Un extenso y pormenorizado estudio desarrollado por el Centro de Investigaciones Sociales (CIS) de la UADE encendió nuevamente el debate sobre las metodologías de evaluación vigentes en el país. La investigación demuestra de forma contundente que la crisis pedagógica actual atraviesa de manera uniforme tanto a los establecimientos públicos como a las instituciones de gestión privada.
La comunidad educativa en general manifiesta un profundo desencanto con las herramientas institucionales vigentes para medir el nivel de conocimiento real de los estudiantes. El informe técnico, que relevó de forma directa las opiniones de 700 tutores familiares y más de 200 profesores en actividad, expone que las fórmulas del pasado ya no logran resolver las falencias crónicas del aprendizaje.
Respecto a la repitencia histórica, la tendencia marca que casi el 60% de los encuestados la considera una medida excepcional y de ninguna manera una norma regulatoria aplicable a nivel generalizado. Al profundizar en las estadísticas, un 37% la valora todavía como una herramienta eficaz en casos muy puntuales, mientras el resto se divide entre su ineficacia absoluta o la necesidad de evaluar cada situación particular.

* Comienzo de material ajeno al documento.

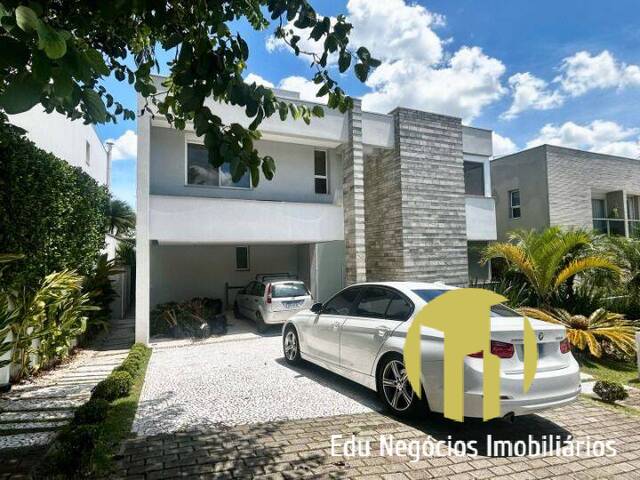 #CA2031 - Casa em condomínio para Venda em Santana de Parnaíba - SP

Deserción escolar e impacto de la vulnerabilidad social
Las consecuencias directas de obligar a repetir un año a un alumno impactan de forma severa en su posterior integración social dentro del aula de clases. Los especialistas en pedagogía advierten que este clásico mecanismo administrativo suele estigmatizar de forma permanente a los jóvenes, acelerando notablemente los procesos de desvinculación definitiva de las instituciones escolares públicas y privadas.
La problemática de la exclusión se profundiza de manera alarmante en aquellos sectores socioeconómicos que registran mayores índices de vulnerabilidad estructural. De acuerdo con los indicadores estadísticos analizados en el documento, un elevado porcentaje de la matrícula total abandona la escuela de forma prematura antes de completar de manera de forma exitosa los trayectos obligatorios mínimos del nivel medio.
El escenario educativo actual arrastra además las graves secuelas pedagógicas originadas durante la pasada pandemia, un evento que atomizó severamente los ritmos normales de aprendizaje en las aulas argentinas. Las notorias asimetrías preexistentes en el acceso a los recursos tecnológicos y el acompañamiento del núcleo familiar terminaron por consolidar trayectorias escolares totalmente desiguales y fragmentadas.
La búsqueda de nuevos modelos de promoción escolar
Frente al rechazo generalizado de los extremos del sistema, la alternativa intermedia de la “promoción con apoyo obligatorio” empieza a ganar terreno en la discusión pública de los ministerios provinciales. Este formato innovador, que ya se implementa activamente en la Ciudad Autónoma de Buenos Aires, permite al alumno avanzar de ciclo lectivo mientras recibe de forma paralela tutorías específicas y obligatorias.
No obstante, esta propuesta pedagógica divide las aguas de forma exacta en la sociedad, ya que recibe el respaldo abierto del 40% de los consultados, pero cosecha idéntico nivel de rechazo en la otra mitad de la muestra. Quienes se oponen firmemente argumentan que los estudiantes deben repetir obligatoriamente el año si no alcanzan los saberes conceptuales mínimos requeridos para la aprobación.
El análisis integral elaborado por el CIS-UADE concluye que el entramado escolar requiere un incremento urgente y sostenido de recursos presupuestarios y humanos. La evaluación del alumnado debe servir primordialmente para detectar a tiempo las alertas tempranas de rezago cognitivo, evitando que el fracaso escolar sea asignado socialmente como una responsabilidad o una falta puramente individual.
En el contexto socioeconómico actual, la escuela argentina asume múltiples funciones asistenciales críticas que exceden lo estrictamente académico, funcionando como comedor comunitario y espacio de contención psicológica fundamental. Por tal motivo, los expertos del sector exigen el diseño de políticas públicas integrales que contemplen la complejidad social que hoy atraviesan las nuevas generaciones estudiantiles.